When I interviewed Clegg for GMTV the weekend before last, he outlined his worthy progressive proposal to increase funding for poorer schools but admitted he did not know where some of the money would come from to pay for it. I put it to him that presumably the additional cash would come one way or another from taxing the better off. This was his reply:

NC: Yes, er well no, hang on, er, sorry...

SR: You said yes, so tax increase?

NC: No, no, let me correct that. I think there is plenty of scope to cut back on some of the waste in government...

Huhne, too, has stretched credibility occasionally with silly paralysing proposals such as Swiss-style referendums. He has also continued to claim that Clegg favours the introduction of school vouchers, when Clegg has been unequivocal in stating that he does not.

What is happening? Both candidates have impressive qualities and would hold their own near the top of the bigger parties. Clegg has brought a more credibly radical approach to his Home Affairs brief. More widely, he is committed to European-style levels of investment and innovation in public services, based partly on his own internationalist experiences. His wife is Spanish. Like Huhne, he has been an MEP and has worked in several countries.

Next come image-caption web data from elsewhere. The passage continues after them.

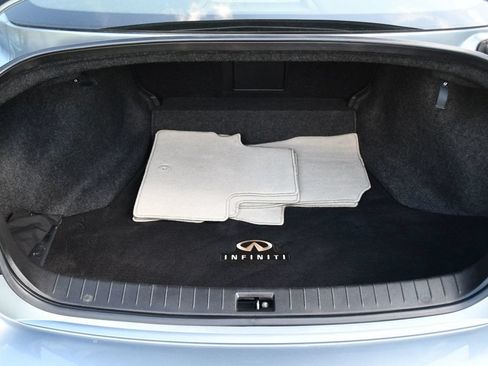 Used 2018 INFINITI Q50 Luxe w/ Sensory Package (Luxe) RWD image 16
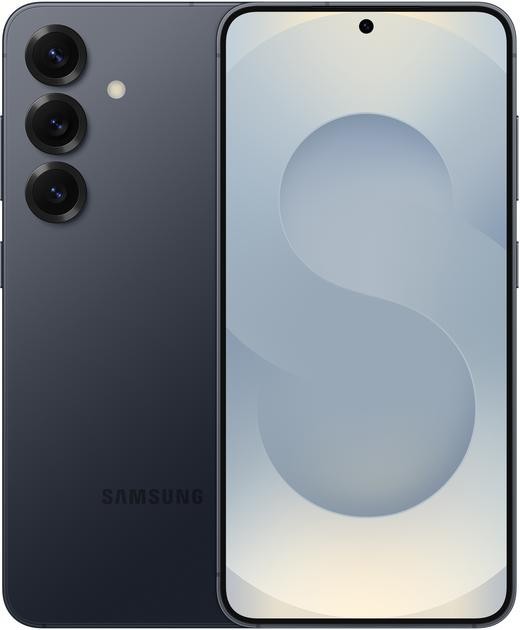 Смартфон Samsung Galaxy S25+ 12/256GB Blueblack (SM-S936BZKD)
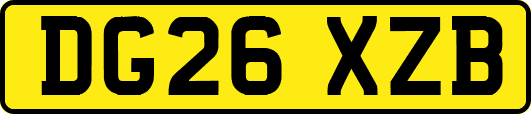 DG26XZB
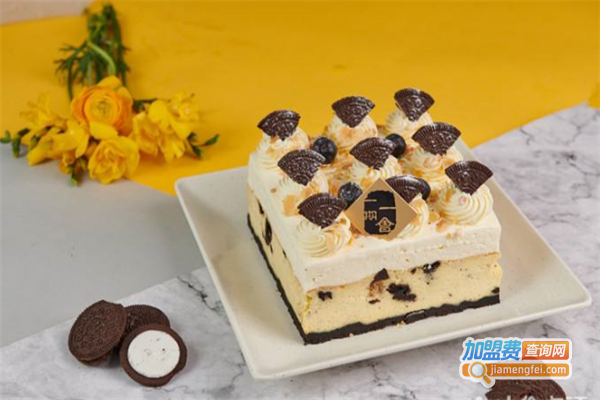 一期一会蛋糕烘焙加盟费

His itinerary on the weekend before the Lib Dems' conference gives a flavour. On the Saturday he attended a political conference in France, before heading for a wedding in Spain and was in Brighton for the start of the conference by the Sunday afternoon. Most of us would find the start of a Lib Dem conference exhausting enough without the continental preliminaries. I do not believe, as Huhne implies, that he is a clone of David Cameron. He leans in a more progressive and pro-European direction.

I had a coffee with Huhne a couple of days after the Northern Rock crisis had erupted. He gave the most forensically accurate analysis of what had happened, and what would happen next, that I have heard. The Lib Dems are lucky to have several economists in their parliamentary ranks. But Huhne can range widely and with more self-confident authority than most politicians. Rightly, he opposes the costly renewal of Trident, one of the few senior politicians to make the case. Yesterday, he also dared to make the pivotal connection between equality and liberty. On these counts alone, he becomes a distinctive voice, but the thrust of his campaign in recent days has been more of a misjudged noisy moan about his opponent.

The qualities of both candidates are obscured, partly because they are wooing a party membership alone, rarely an exercise which brings the best out of aspirant leaders. They are also unused to media scrutiny, lucky if they get 10 seconds on a news bulletin under normal circumstances. But there are always deeper reasons when a party lapses into silliness. Parties never become accident-prone by accident.

The Lib Dems have had two contests in traumatic circumstances in less than two years. There are similarities to the Conservatives, a party that entertained us with a contest every two years or so after 1997. The Conservatives suffered from a deeper identity crisis, unclear how to challenge the government and whether it wanted to move further to the right. At a national level, the Liberal Democrats' crisis of identity arises from their confused attitude to power. To take the current leadership contest as an example, neither candidate states clearly that he wants to implement as many of his policies as possible and therefore will seek to work closely with other parties, whether there is a hung parliament or not, preferably in government.

Instead, they prefer the purity of impotent opposition. Even if there is a hung parliament, I would not bet on the Lib Dems being able to join a coalition, as a leader would need the assent of the wilful party membership. So there is no surprise that a party and its leading figures seek clearer definition. In recent years it has won more seats, but what, if anything, follows incremental progress?

As we await an answer, I note the choice of those MPs in marginal constituencies. Desperately, they need a leader who will help them keep their seats. Most of them back Clegg, recognising qualities and telegenic charm that have made only rare appearances in this campaign.